_INSTRUCTIONS TO FOLLOW_:
Only an exact repeat of the listing, without its images, counts as the answer.

_MATERIAL PROVIDED_:
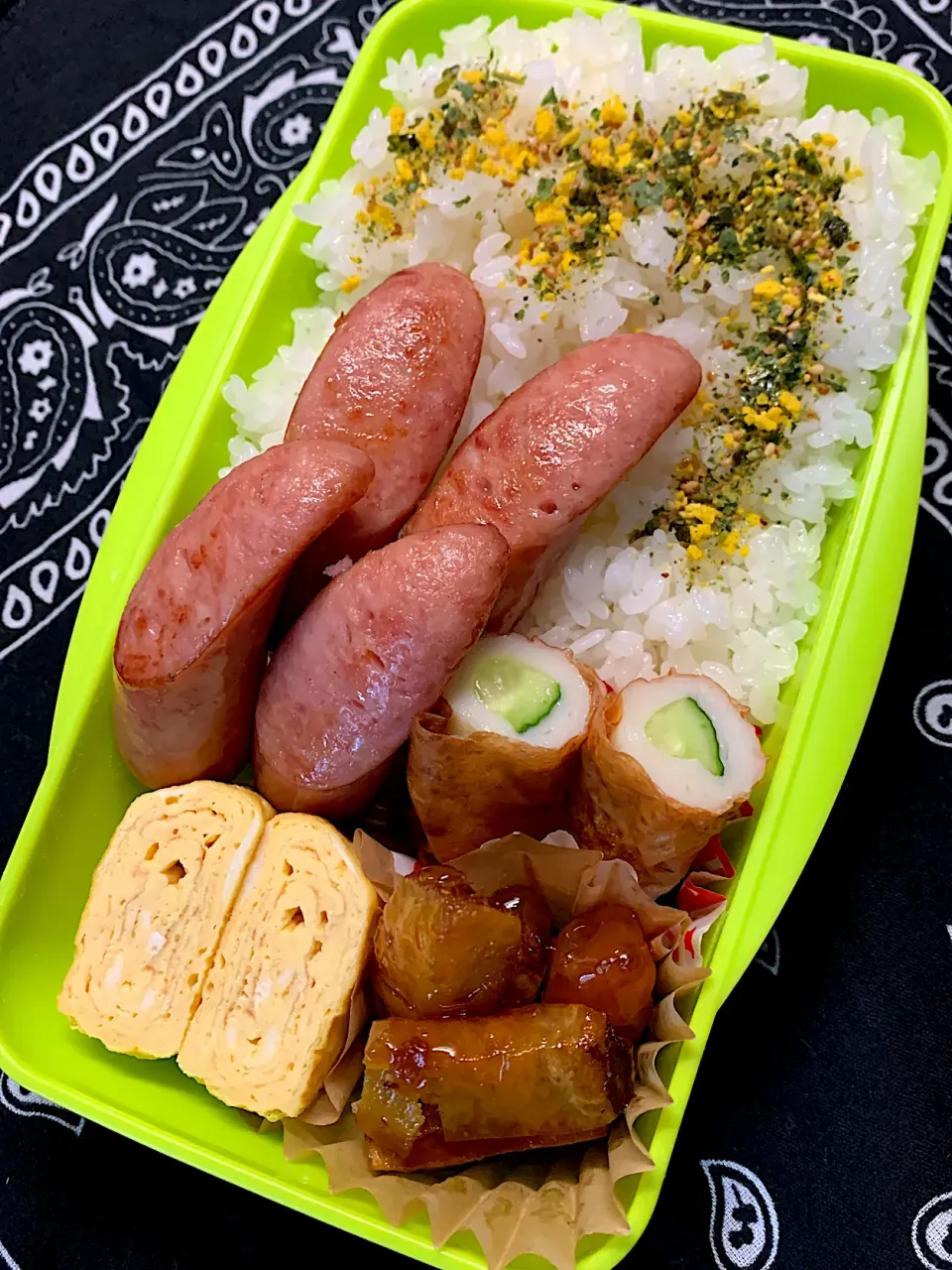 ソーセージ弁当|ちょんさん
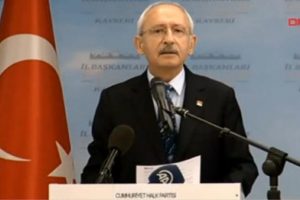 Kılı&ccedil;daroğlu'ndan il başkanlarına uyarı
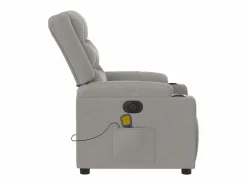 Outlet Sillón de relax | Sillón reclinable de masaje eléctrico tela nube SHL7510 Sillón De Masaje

_RESULT OF THE TASK_:
 ソーセージ弁当|ちょんさん
 Kılı&ccedil;daroğlu'ndan il başkanlarına uyarı
 Outlet Sillón de relax | Sillón reclinable de masaje eléctrico tela nube SHL7510 Sillón De Masaje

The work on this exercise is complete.